I am a law prof and know a little about this, but have not read the article, so I can only comment on photographing buildings. Last time I looked at this, I remember that there was a revision to the copyright law that allows photographing buildings, even for commercial purposes. You can copyright the design and appearance of a building, but that only prevents people from building the building, not photographing it. You cannot trespass to get the pictures, however.
The ROCK N' ROLL HALL OF FAME case was not about copyright but trademark, a distinction only a lawyer would make.:-) The photographer used the caption, "ROCK N' ROLL HALL OF FAME, which the plaintiff claimed was trademarked so he could not use it. The plaintiff also claimed that the design of the building was so distinctive and so will known that it was also a trademark that could not be used without permission. The court disagreed, finding that the building had not been used as a trademark and that using the name of the building was a fair use of the copyright. See: Rock and Roll Hall of Fame and Museum, Inc. v. Gentile Productions, 134 F.3d 749, 45 U.S.P.Q.2d 1412, 1998 Fed.App. 0020P (6th Cir.(Ohio) Jan 20, 1998) and Rock & Roll Hall of Fame and Museum, Inc. v. Gentile Productions, 71 F.Supp.2d 755 (N.D.Ohio Sep 02, 1999)
People are different from buildings - they have a right to control their publicity. The lighthouse does not make sense to me - the federal government does not have copyright in anything it does or owns, so they cannot charge you to use the images.
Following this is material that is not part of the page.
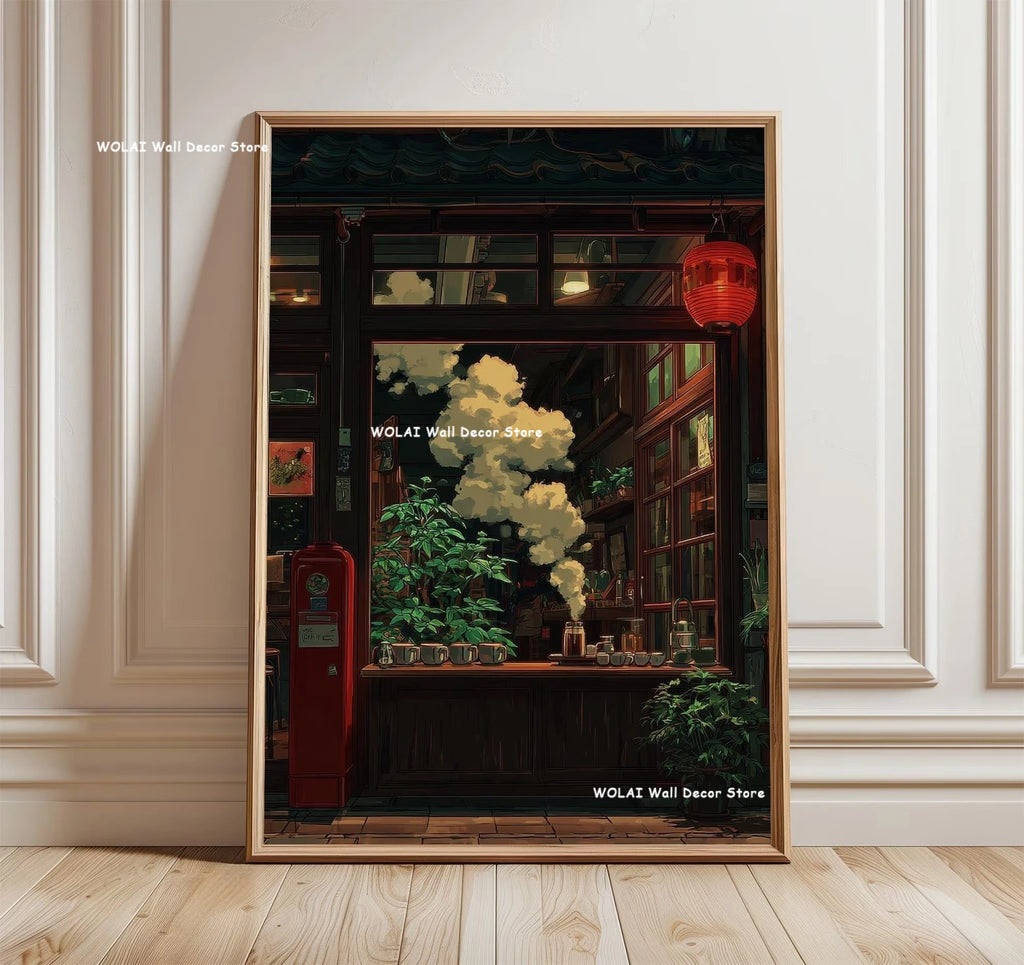 Anime Cafe Shop and Bicycle Canvas Poster Ghibli Work Anime Style Street Cafe Scene Wall Art Printing for Living Room Home Decor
Want to worry about something? How do all of those wonderful street photographs square with new state privacy laws? This becomes especially troublesome when they are on the Internet. Did Winograd get releases? Could someone in one of his famous pictures block its sale or display? All of the court cases are about news and reporters, not fine art. Some of us are working on this problem and would welcome comments.